Mayor of Pisino
- In office 1919–1922

Personal details
- Born: Pisino, Austrian Empire
- Died: Pisino, Austria-Hungary
- Party: Società politica istriana
- Parent: Francesco Costantini (father);
- Occupation: Politician, lawyer
- Profession: Lawyer

= Costantino Costantini (politician) =

Costantino Costantini was an Istrian Italian lawyer and politician. He was Mayor of Pisino (now Pazin, Croatia) from 1919 until 1922. He was the son of former podestà (mayor) and politician Francesco Costantini. He has been credited as "one of the most illustrious figures of Istrian irredentism".

==Biography==
Costantino Costantini was born in Pisino, Istria (now Pazin, Croatia, then part of the Austrian Empire) to lawyer and politician Francesco Costantini, the founder of the Società politica istriana, and Clotilde Mrach, from a Pisino family of landowners and politicians.
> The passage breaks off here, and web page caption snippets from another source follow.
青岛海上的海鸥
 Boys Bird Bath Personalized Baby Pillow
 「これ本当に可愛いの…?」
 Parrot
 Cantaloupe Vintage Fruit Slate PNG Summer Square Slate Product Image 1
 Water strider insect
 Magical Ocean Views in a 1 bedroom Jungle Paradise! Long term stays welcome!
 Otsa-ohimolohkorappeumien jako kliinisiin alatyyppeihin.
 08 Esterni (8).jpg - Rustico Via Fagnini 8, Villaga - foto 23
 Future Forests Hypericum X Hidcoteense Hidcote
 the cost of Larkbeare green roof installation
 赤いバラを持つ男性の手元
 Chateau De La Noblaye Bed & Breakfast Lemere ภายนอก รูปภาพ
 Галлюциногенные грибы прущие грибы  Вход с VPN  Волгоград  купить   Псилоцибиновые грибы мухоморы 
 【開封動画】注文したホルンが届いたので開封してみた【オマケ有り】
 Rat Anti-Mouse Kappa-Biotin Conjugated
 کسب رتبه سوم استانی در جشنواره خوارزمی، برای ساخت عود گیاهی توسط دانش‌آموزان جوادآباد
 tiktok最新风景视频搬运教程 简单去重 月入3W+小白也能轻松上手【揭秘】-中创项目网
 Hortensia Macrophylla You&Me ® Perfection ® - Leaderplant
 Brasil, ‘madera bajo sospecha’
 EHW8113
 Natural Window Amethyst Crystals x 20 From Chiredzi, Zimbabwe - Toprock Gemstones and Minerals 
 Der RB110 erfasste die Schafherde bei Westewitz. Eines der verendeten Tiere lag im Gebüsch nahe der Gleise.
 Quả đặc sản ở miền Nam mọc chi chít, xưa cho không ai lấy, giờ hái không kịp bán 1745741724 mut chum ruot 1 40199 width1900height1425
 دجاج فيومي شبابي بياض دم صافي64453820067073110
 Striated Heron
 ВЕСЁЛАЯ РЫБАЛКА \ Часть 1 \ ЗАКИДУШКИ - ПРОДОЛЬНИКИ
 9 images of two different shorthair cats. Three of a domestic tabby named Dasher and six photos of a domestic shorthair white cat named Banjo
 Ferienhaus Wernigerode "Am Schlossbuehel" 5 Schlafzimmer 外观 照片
He was a lawyer. He became Director of the Council for Tax Administration of Pisino, and then was Head of the Council of Administration of the Comune of Pisino since 1894, later becoming vice-podestà. From 1900 until 1911 he was deputy of the Diet of Istria for the college of the cities of Pisino (Pazin) and Albona (Labin). After the Revolution, when Pisino became part of Italy, he was Special Commissioner of Pisino.

Costantini then became Mayor of Pisino, serving in this capacity from 1919 until 1922.